Analysis indicated that reducing the number of MPs from 650 to 600 - as the boundary changes would have done - would have hit Labour and the Lib Dems harder than the Conservatives. In fact, the Tories would have been closer to a majority in 2010 (although notably would still have achieved to have gained one), had the election been fought over the proposed new boundaries.
The reason why this is so bad for the Conservative Party is because they will need every seat they can get. The failure of the reform will exacerbate the other four main reasons why the Conservative Party is unlikely to get a majority in 2015 - reasons the media frequently downplays or ignores:
- First, its worth reminding ourselves that David Cameron and the Tory Party failed to win an election in 2010 after 13 years consecutive year of an increasingly unpopular Labour Party in power - the latter led by a very unpopular leader in Gordon Brown.
- Second, Cameron's failure to win a majority in 2010 bodes even worse for 2015, considering no sitting Prime Minister has increased their share of the vote since Harold Wilson's re-election in 1974.
- Third, leadership ratings - an increasingly reliable pointer to election outcomes in modern politics - now show Ed Miliband and David Cameron neck-and-neck, after more than a year of Cameron being ahead on the measure.
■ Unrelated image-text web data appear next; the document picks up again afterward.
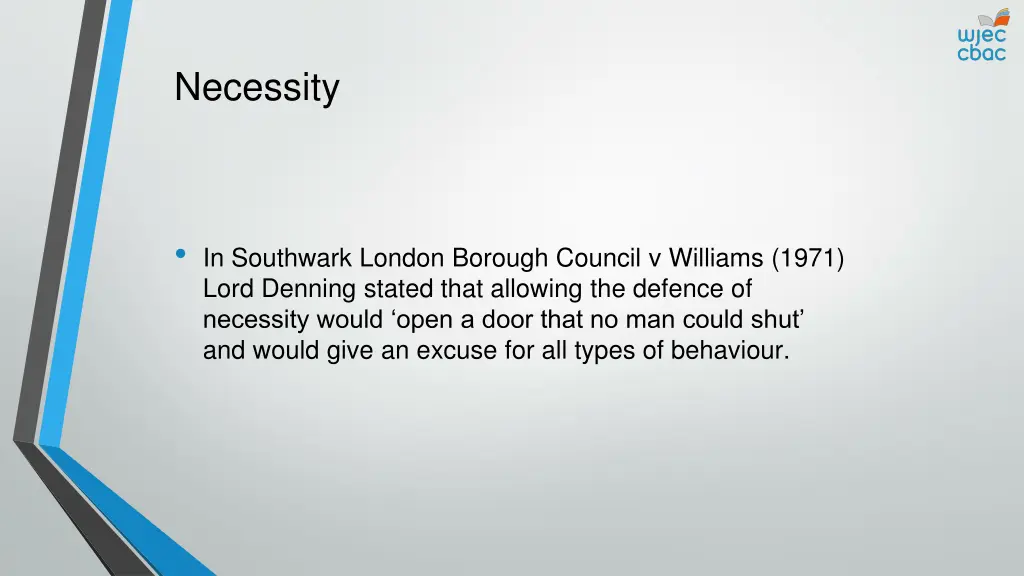 necessity 6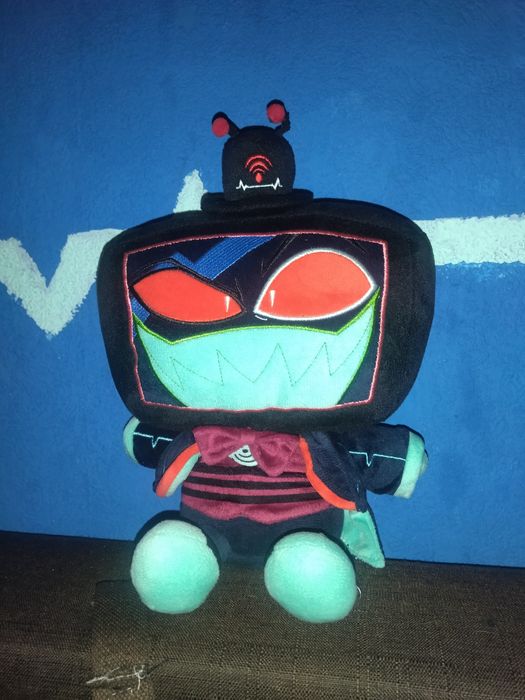 Плюшевый Вокс. Отель Хазбин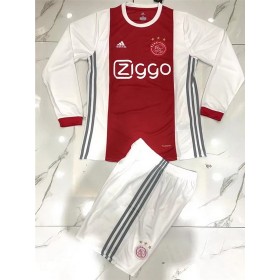 Maillot/Tenue Ajax Manche Longue Domicile 2017/2018
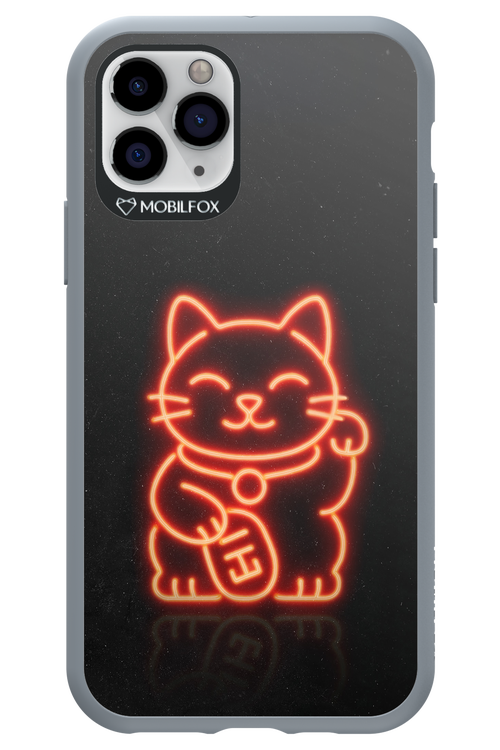Led Cat 2.0 - Apple iPhone 11 Pro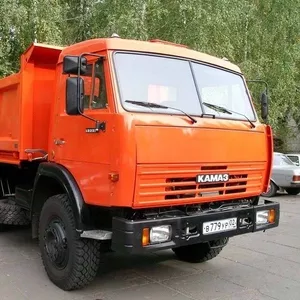 САМОСВАЛ КАМАЗ 45142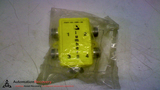 LUMBERG AUTOMATION ZVS4-30 POWER DISTRIBUTION BOX 8 AMPS 300V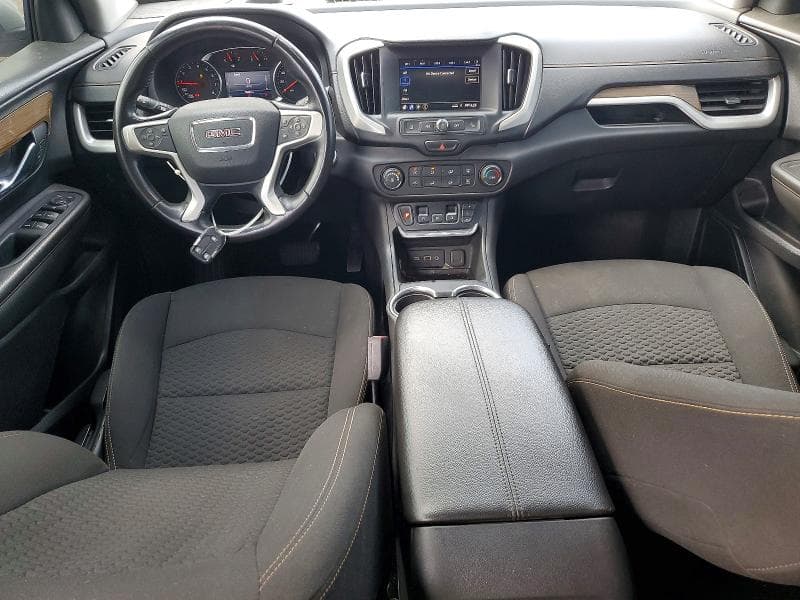 2021 GMC TERRAIN SLE 8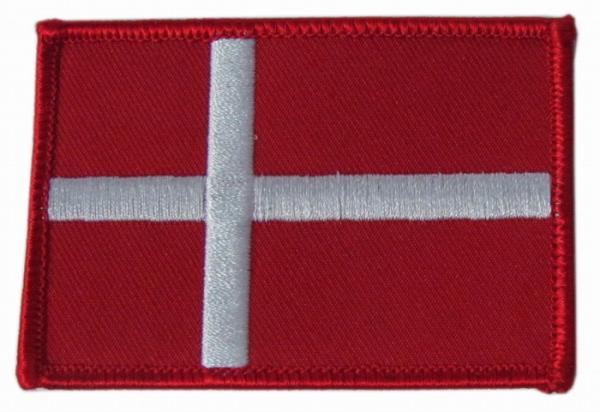 National Flags Custom Embroidered Patch Offset Printing PMS Sustainable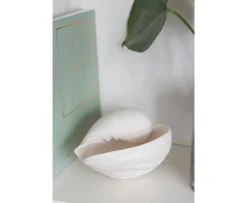 Mette Ditmer Conch Shell Dekoration Off-White Small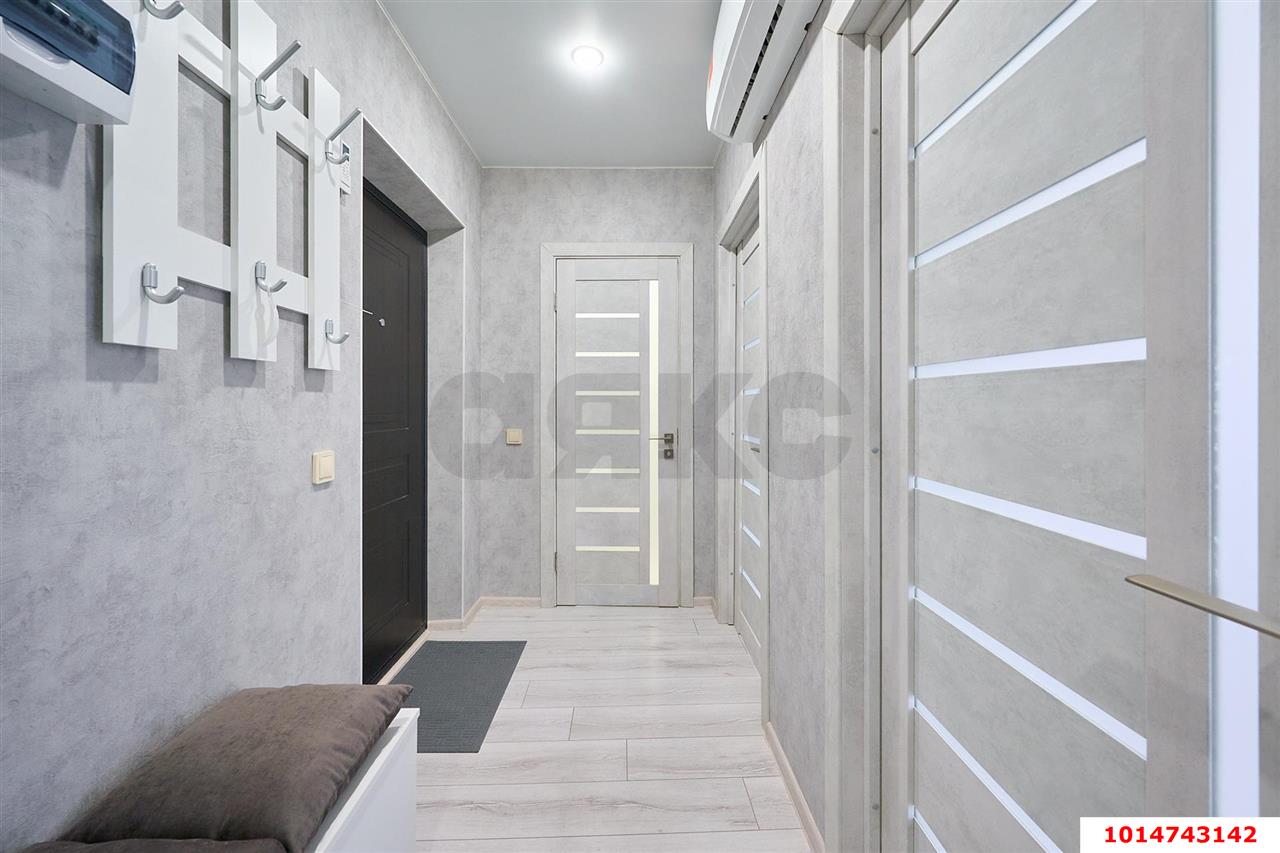 Фото №12: 1-комнатная квартира 35 м² - Новая Адыгея, мкр. жилой комплекс Новый, ул. Бжегокайская, 21/1к2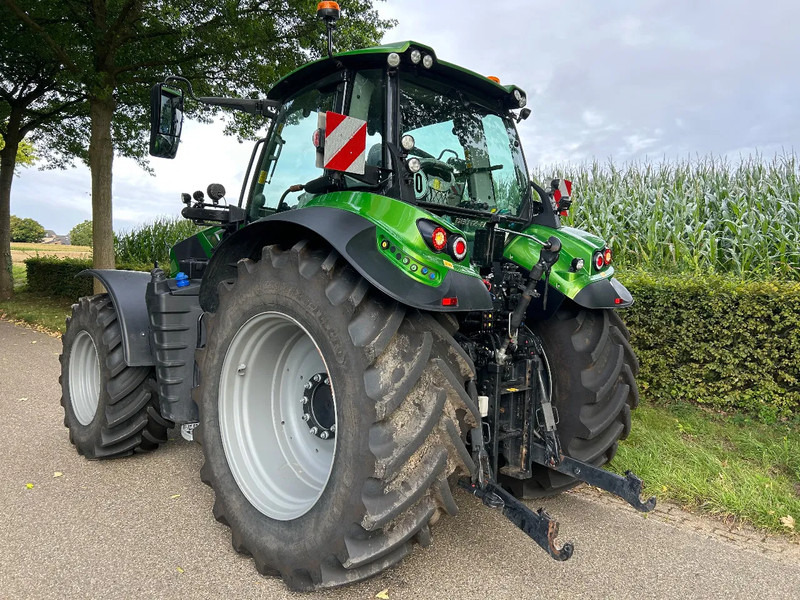 Deutz 6230 TTV Deutz-Fahr 6230 TTV - Tractor: afbeelding 5 Deutz 6230 TTV Deutz-Fahr 6230 TTV - Tractor: afbeelding 5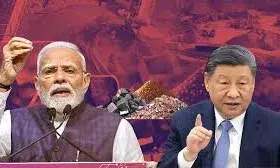 क्रिटिकल मिनरल के लिए सरकार लाई 1500 करोड़ रुपये की प्रोत्साहन योजना, चीन पर निर्भरता होगी कम! क्रिटिकल मिनरल के लिए सरकार लाई 1500 करोड़ रुपये की प्रोत्साहन योजना, चीन पर निर्भरता होगी कम!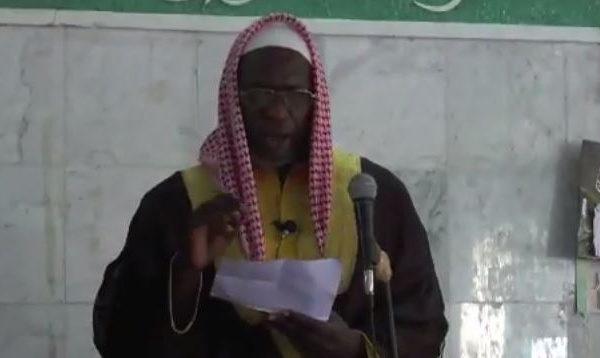 Tabaski 2017: Vivez l'intégralité du 'Xutba' de l'imam de la mosquée Soninké de Dakar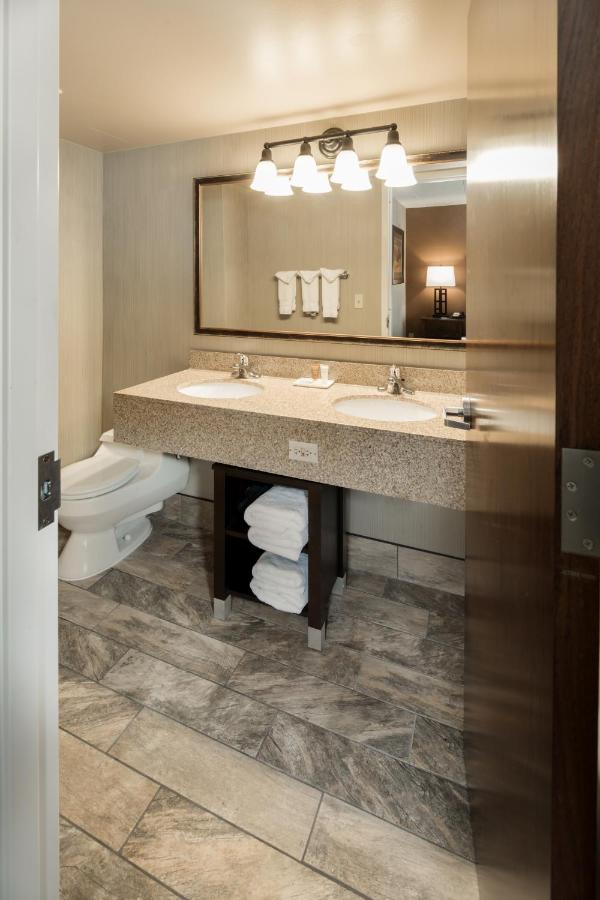 Deluxe King Suite - Non-Smoking at Best Western Ramkota Hotel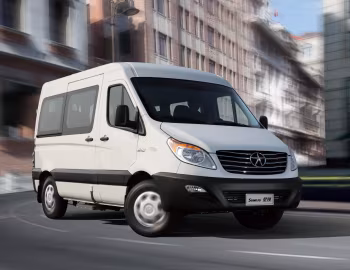 JAC Sunray M419 '2012–pr.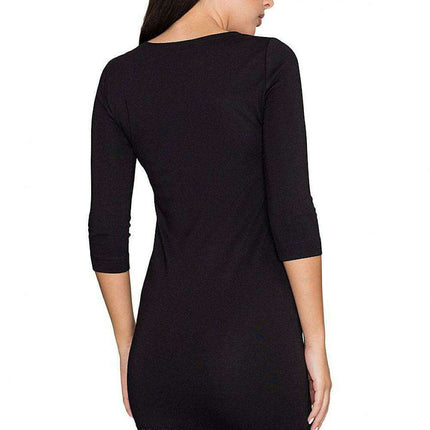 Lace Elegance Evening Gown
- Fourth, the economy is in pretty dire state, especially considering the (now very optimistic-looking) forecasts the OBR were making in 2010 - with manufacturing survey after manufacturing survey after manufacturing survey also showing the 'rebalancing' of the economy is going nowhere. The Tories' original hopes that the history-defying attempts to create economic recovery through austerity and then bring in election-winning tax cuts just before the 2015 election are now a fading dream. It was a gamble, founded on ignorance of history, that has failed - as Nobel-prize winning US economist Paul Krugman never tires of pointing out.